Magnum v2 72B
Property | Value |
---|---|
Parameter Count | 72.7B |
Base Model | Qwen/Qwen2-72B-Instruct |
License | Tongyi Qianwen |
Supported Languages | 9 (EN, FR, DE, ES, IT, PT, RU, ZH, JA) |
Training Hardware | 8x AMD Instinct MI300X |
What is magnum-v2-72b?
Magnum v2 72B is the seventh iteration in Anthracite's series of models aimed at replicating Claude 3's prose quality. Built on Qwen2-72B-Instruct, it's a large language model fine-tuned using specialized datasets to enhance writing quality and instruction-following capabilities.
Implementation Details
The model underwent a comprehensive training process using 8 AMD Instinct MI300X accelerators, with full-parameter fine-tuning across 2 epochs. Key technical specifications include a weight decay of 0.01 and a peak learning rate of 4e-6, optimized to prevent overfitting. The model uses ChatML formatting for input processing and supports a 16k token context window.

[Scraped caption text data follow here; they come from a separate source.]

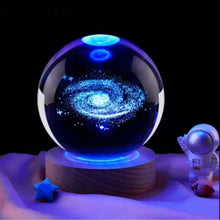 Charger l&#39;image dans la galerie, Lampe Galaxie Cristal – Éclat Cosmique
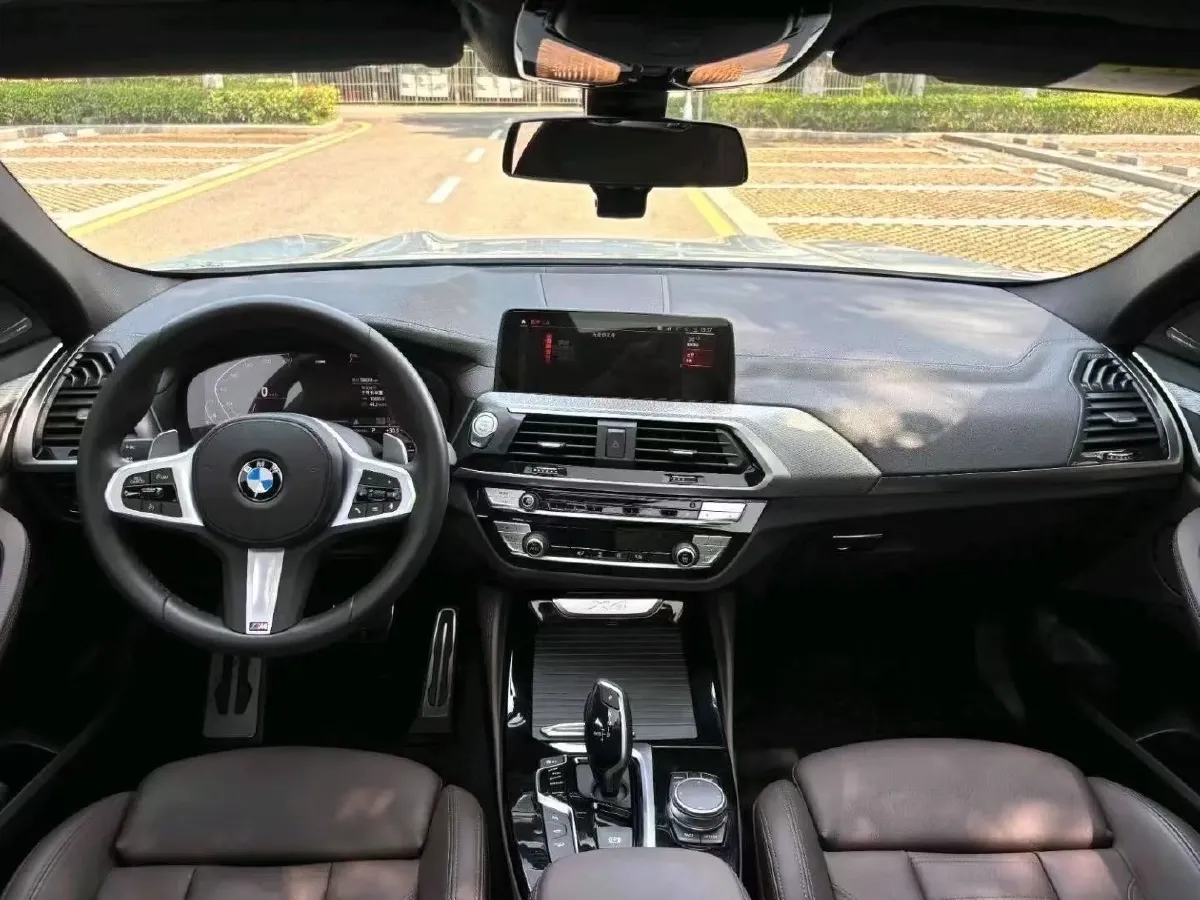 2021 BMW X4 2.0T 184HP L4 8AT,autocango,china used car exporter,china ev exporter,chinese used car exporter,chinese used ev exporter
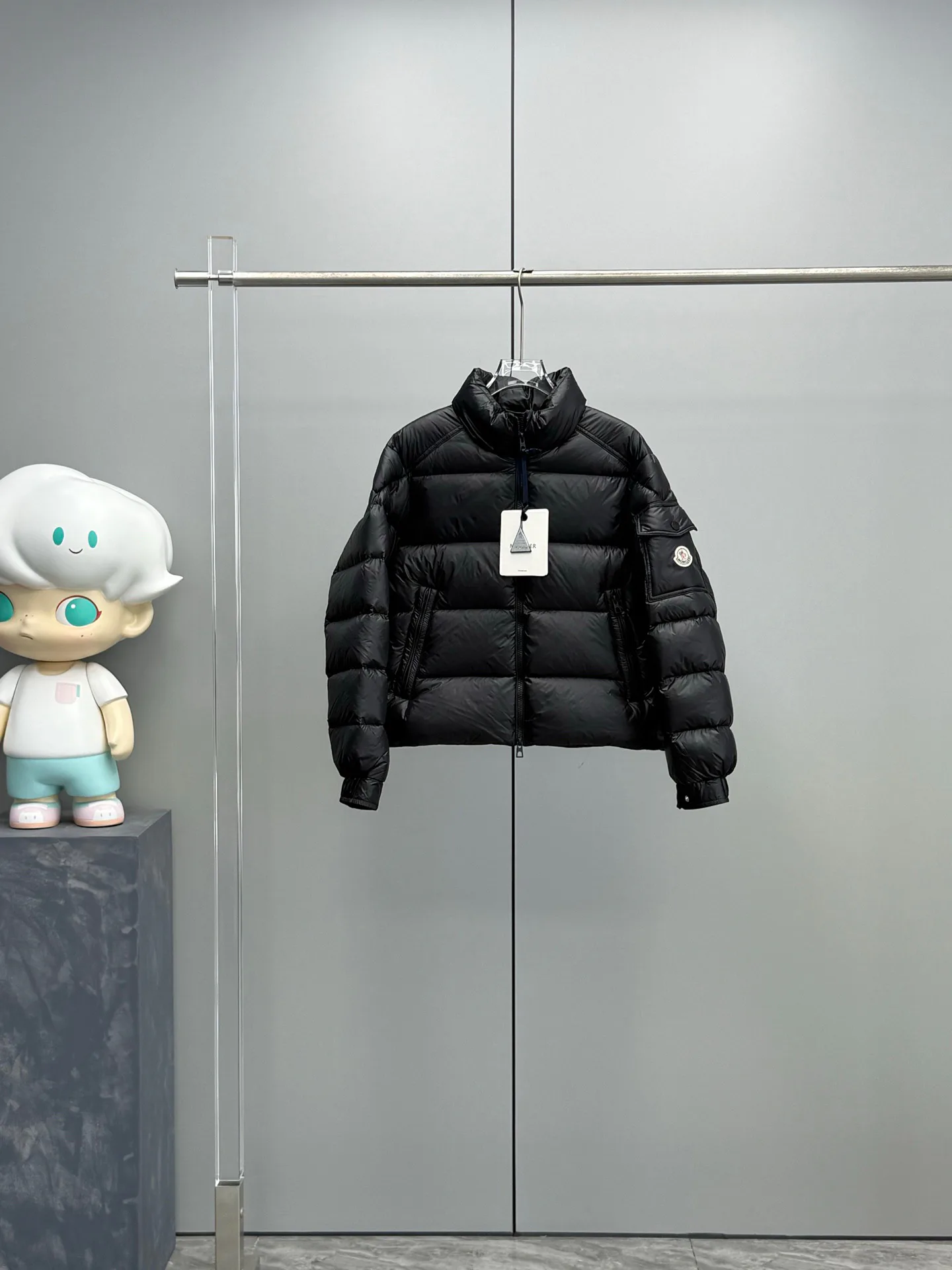 Women's Jackets And Down Jackets MONCLER 18048192
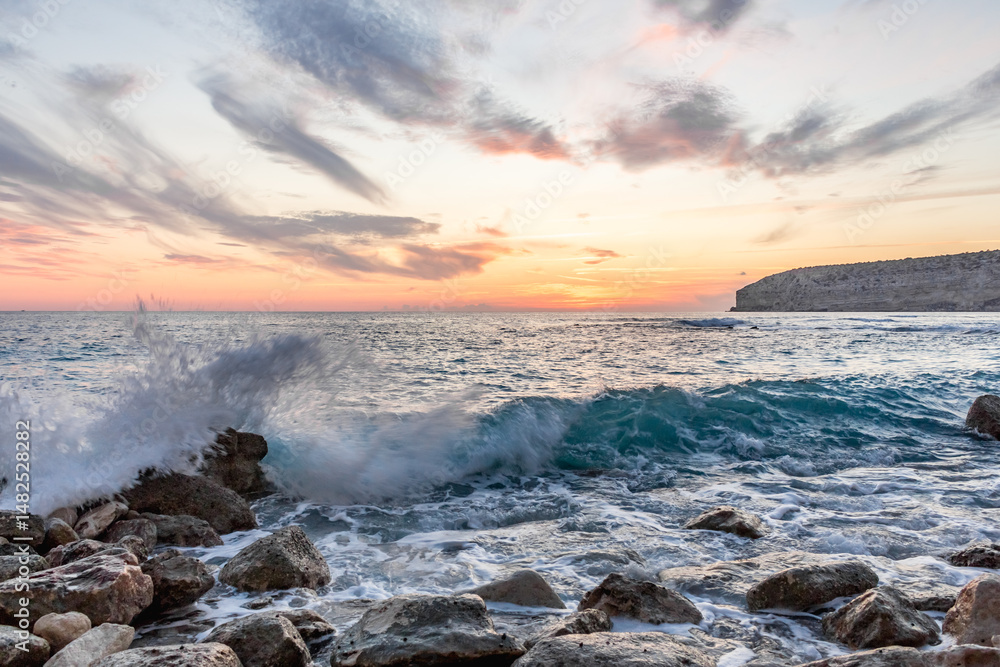 Obraz premium Dramatic Sunset Highlights Azure Ocean Beauty.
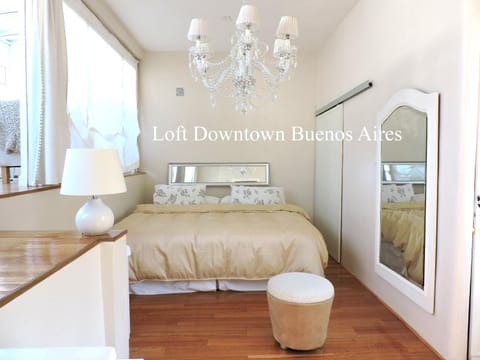 Bed, TV and multimedia, Bedroom
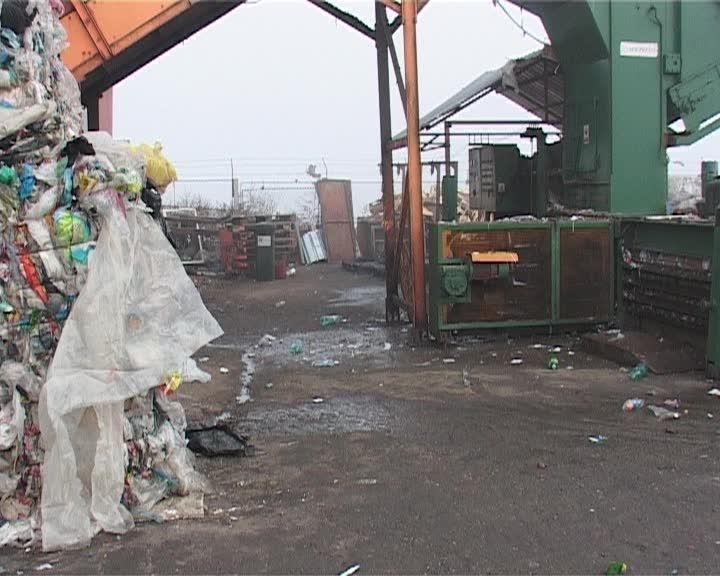 Platforma de stocare temporară a gunoaielor din Cluj, închisă timp de câteva zile. Ce soluţie au găsit firmele de salubrizare VIDEO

- Trained on multiple high-quality datasets including Stheno-Data-Filtered and Claude writing datasets
- Implements BF16 precision for optimal performance
- Utilizes sample packing for 16k tokens
Core Capabilities
- Strong performance on IFEval with 75.6% accuracy
- Impressive BBH performance at 57.85% accuracy
- Notable MMLU-PRO score of 49.51%
- Multilingual support across 9 major languages
- Advanced instruction-following abilities
Frequently Asked Questions
Q: What makes this model unique?
The model stands out for its focus on replicating Claude 3's writing quality while maintaining strong performance across multiple benchmarks. Its multilingual capabilities and extensive fine-tuning on specialized datasets make it particularly valuable for diverse applications.
Q: What are the recommended use cases?
The model excels in text generation tasks, particularly those requiring high-quality prose and accurate instruction following. It's well-suited for multilingual applications, creative writing, and complex reasoning tasks as evidenced by its strong performance on various benchmarks.